Records for the task:
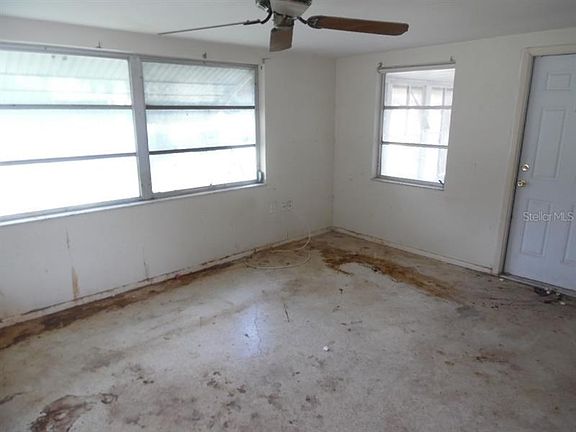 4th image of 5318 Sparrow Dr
==
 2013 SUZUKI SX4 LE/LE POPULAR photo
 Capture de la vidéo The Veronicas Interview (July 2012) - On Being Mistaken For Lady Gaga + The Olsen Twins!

Work instructions: Working from the material above, restate word for word the lines between the line with "2013 SUZUKI SX4 LE/LE POPULAR photo" and the line with "Capture de la", both included, and only those.

Exercise solution:
 2013 SUZUKI SX4 LE/LE POPULAR photo
 Capture de la vidéo The Veronicas Interview (July 2012) - On Being Mistaken For Lady Gaga + The Olsen Twins!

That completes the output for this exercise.